Part 3: Testing The classifier: 
Now that we have the `logprior` and `loglikelihood`, we can test the naive bayes function by making predicting on some tweets!

#### Implement `naive_bayes_predict`
**Instructions**:
Implement the `naive_bayes_predict` function to make predictions on tweets.
* The function takes in the `tweet`, `logprior`, `loglikelihood`.
* It returns the probability that the tweet belongs to the positive or negative class.
* For each tweet, sum up loglikelihoods of each word in the tweet.
* Also add the logprior to this sum to get the predicted sentiment of that tweet.
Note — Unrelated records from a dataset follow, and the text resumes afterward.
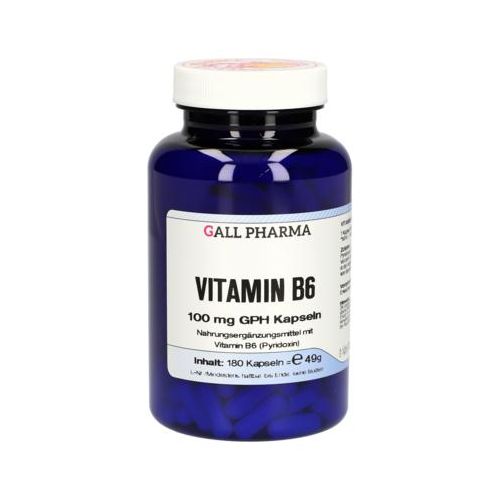 VITAMIN B6 100 mg GPH Kapseln 180 St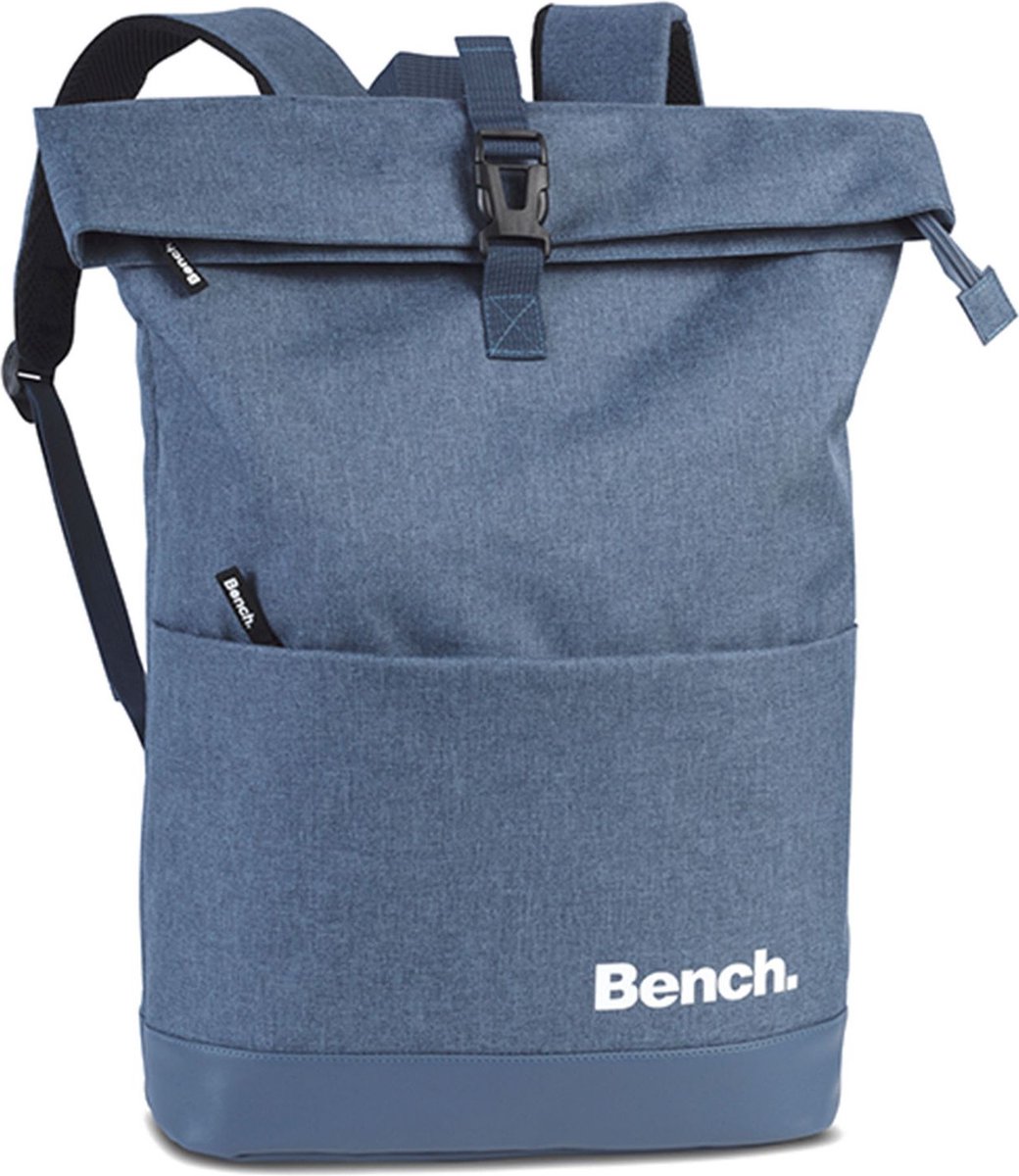 Bench. Rugzak met laptopvak Rucksack Denim Blauw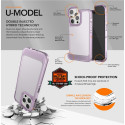 Ugly Rubber UMODEL case for iPhone 15 Plus 6,7" clear black
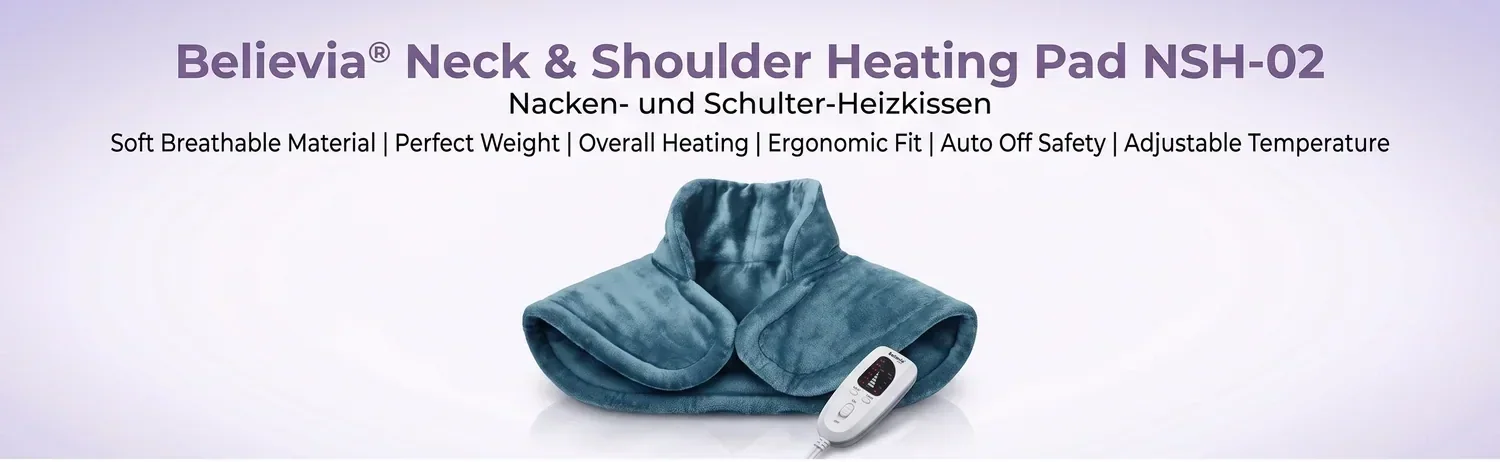 believia NSH-02 neck & shoulder heating pad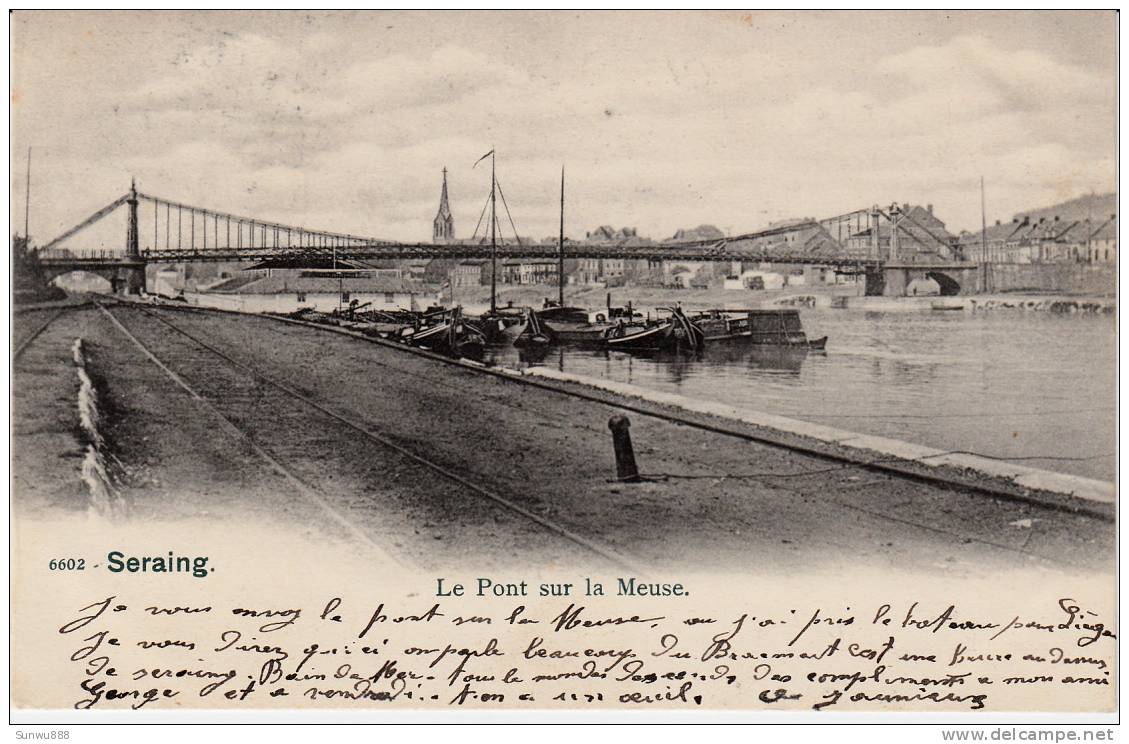 Seraing - Le Pont Sur La Meuse (embarcations) - Seraing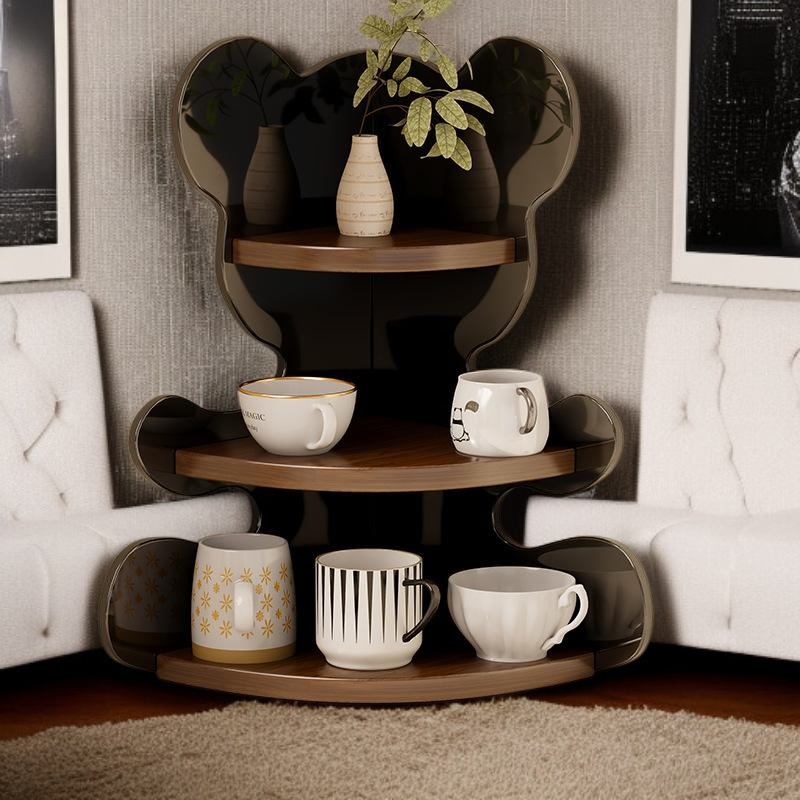 رف تخزين الأكواب الأكريليك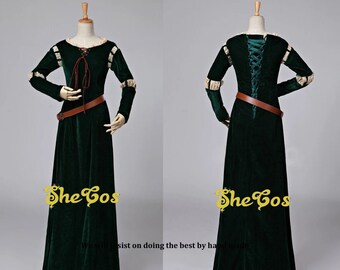 merida dress up costume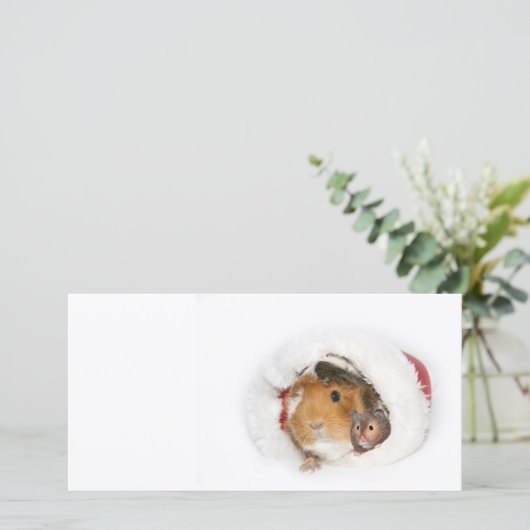 Kerstvrienden Feestdagenkaart (Staand voorkant)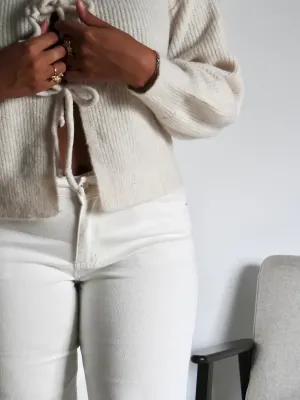 Jean blanc louise taille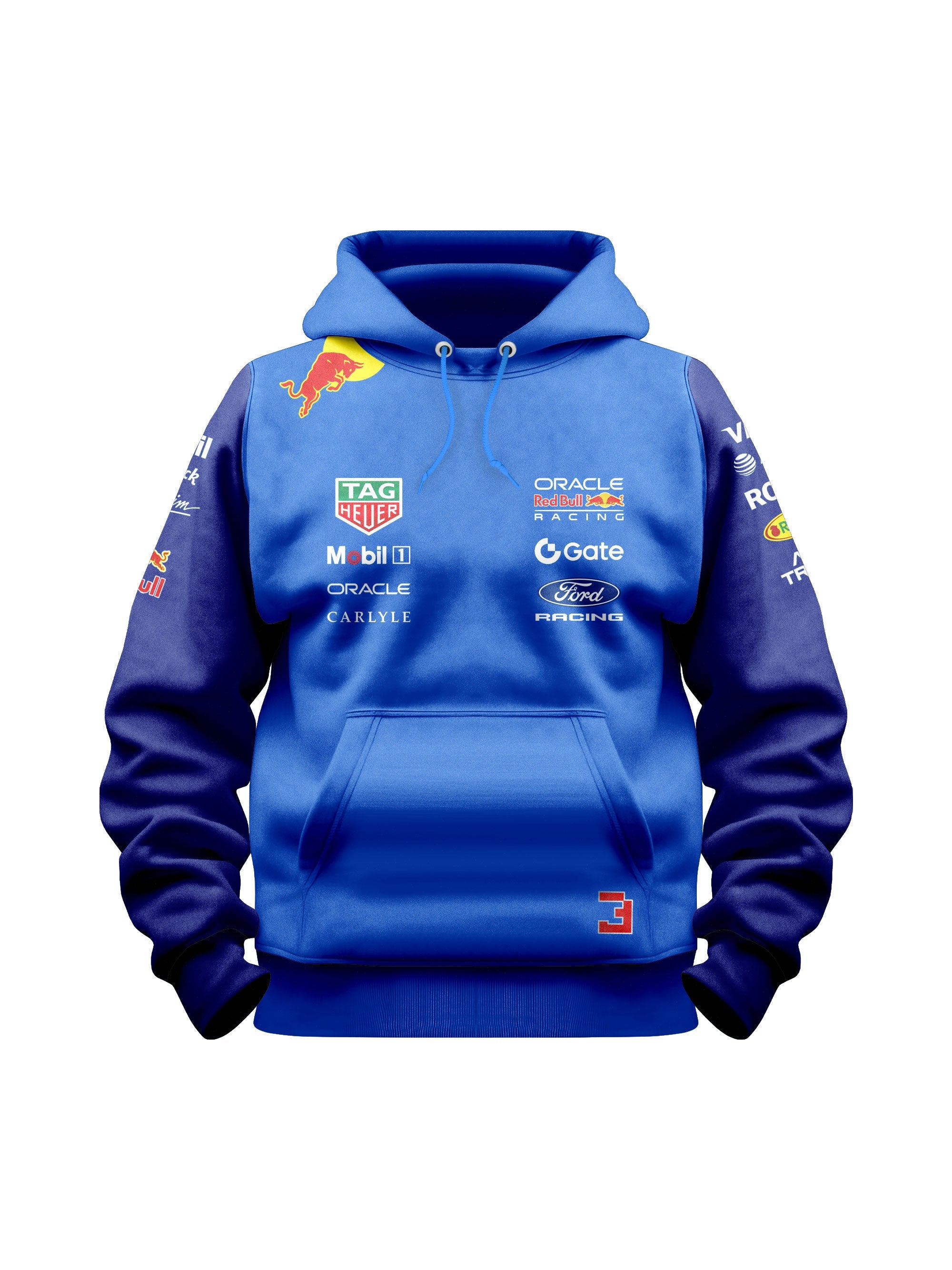 Max Verstappen Red Bull 2026 Royal Blue with Navy Hoodie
$$ p = logprior + \sum_i^N (loglikelihood_i)$$

#### Note
Note we calculate the prior from the training data, and that the training data is evenly split between positive and negative labels (4000 positive and 4000 negative tweets).  This means that the ratio of positive to negative 1, and the logprior is 0.

The value of 0.0 means that when we add the logprior to the log likelihood, we're just adding zero to the log likelihood.  However, please remember to include the logprior, because whenever the data is not perfectly balanced, the logprior will be a non-zero value.

In [322]:
def naive_bayes_predict(tweet, logprior, loglikelihood):
    '''
    Input:
        tweet: a string
        logprior: a number
        loglikelihood: a dictionary of words mapping to numbers
    Output:
        p: the sum of all the logliklihoods of each word in the tweet (if found in the dictionary) + logprior (a number)
    '''
    word_l = process_tweet(tweet) #tokenizing the tweet and processing

    p = 0  # initialize probability to zero
    p += logprior # add the logprior

    for word in word_l:
        if word in loglikelihood:   # check if the word exists in the loglikelihood dictionary
            p += loglikelihood[word] # add the log likelihood of that word to the probability
    return p

In [323]:
loglikelihood['smile'], loglikelihood['joy'], loglikelihood['fun']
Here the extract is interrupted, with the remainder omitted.